→ YOUR GOAL
Output only the lines below from the one holding "people crowded around a computer View" down to the one holding "Back view of", both end lines included and every picture dropped.
[[ PROVIDED RECORDS open ]]
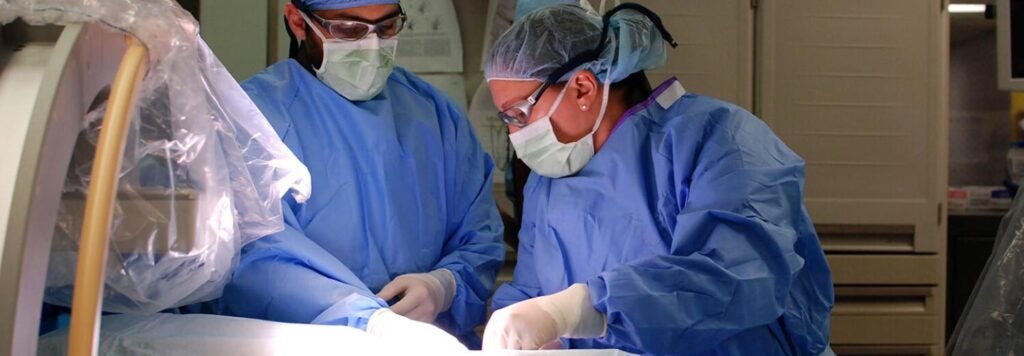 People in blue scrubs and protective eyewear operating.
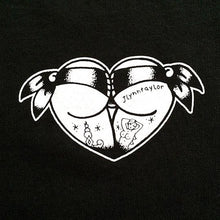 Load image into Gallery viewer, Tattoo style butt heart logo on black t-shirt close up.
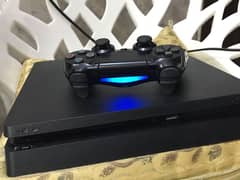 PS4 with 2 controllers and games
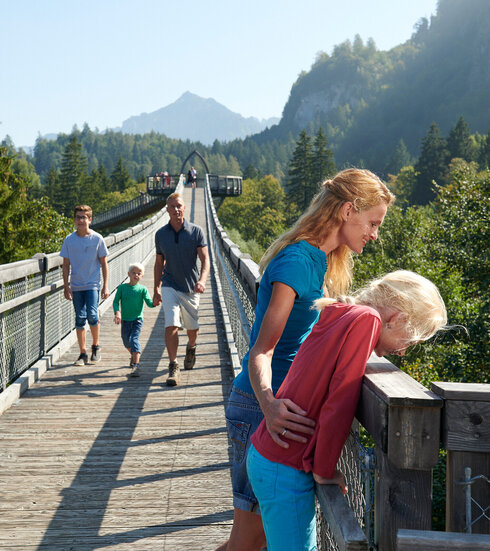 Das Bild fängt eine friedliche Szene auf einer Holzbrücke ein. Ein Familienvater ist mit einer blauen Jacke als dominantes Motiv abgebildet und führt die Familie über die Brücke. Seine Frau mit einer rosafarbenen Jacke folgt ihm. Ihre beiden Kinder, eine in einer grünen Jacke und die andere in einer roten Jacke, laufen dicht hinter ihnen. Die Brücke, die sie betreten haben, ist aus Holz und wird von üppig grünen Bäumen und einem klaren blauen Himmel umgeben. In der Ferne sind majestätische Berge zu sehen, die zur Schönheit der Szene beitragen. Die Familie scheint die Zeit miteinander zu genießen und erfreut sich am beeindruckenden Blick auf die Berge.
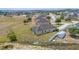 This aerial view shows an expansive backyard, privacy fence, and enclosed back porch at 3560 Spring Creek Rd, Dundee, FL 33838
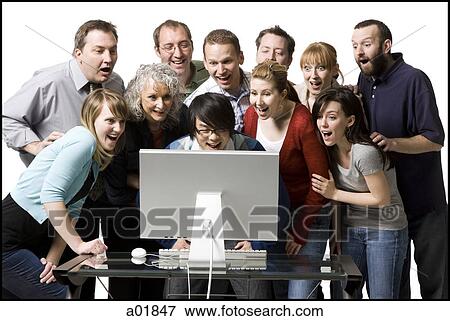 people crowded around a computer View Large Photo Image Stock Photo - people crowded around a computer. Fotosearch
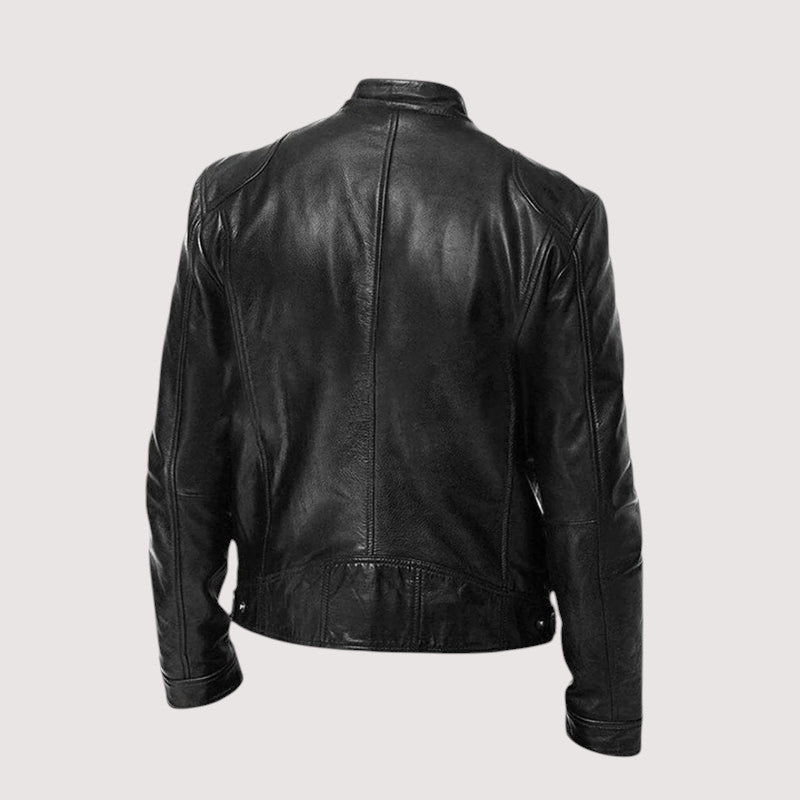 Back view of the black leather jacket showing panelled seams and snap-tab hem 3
[[ PROVIDED RECORDS closed ]]
[[ PROVIDED RECORDS open ]]
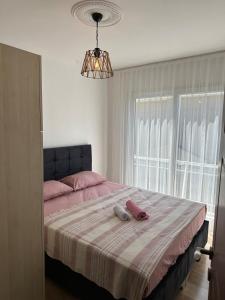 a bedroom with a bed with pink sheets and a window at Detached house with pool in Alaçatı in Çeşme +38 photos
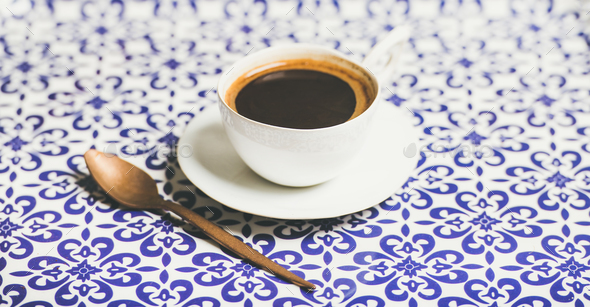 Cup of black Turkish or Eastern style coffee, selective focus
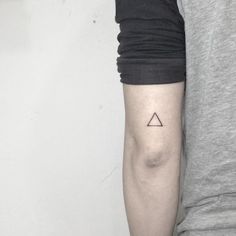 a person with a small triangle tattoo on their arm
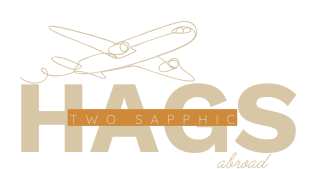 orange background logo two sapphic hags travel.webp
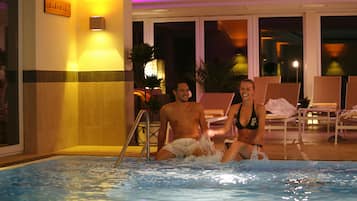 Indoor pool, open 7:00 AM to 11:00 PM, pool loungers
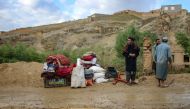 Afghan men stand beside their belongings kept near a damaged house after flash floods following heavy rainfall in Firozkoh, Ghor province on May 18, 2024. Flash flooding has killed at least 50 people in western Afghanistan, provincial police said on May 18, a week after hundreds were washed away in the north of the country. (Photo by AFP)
[[ PROVIDED RECORDS closed ]]
→ ANSWER FOR THE TASK
 people crowded around a computer View Large Photo Image Stock Photo - people crowded around a computer. Fotosearch
 Back view of the black leather jacket showing panelled seams and snap-tab hem 3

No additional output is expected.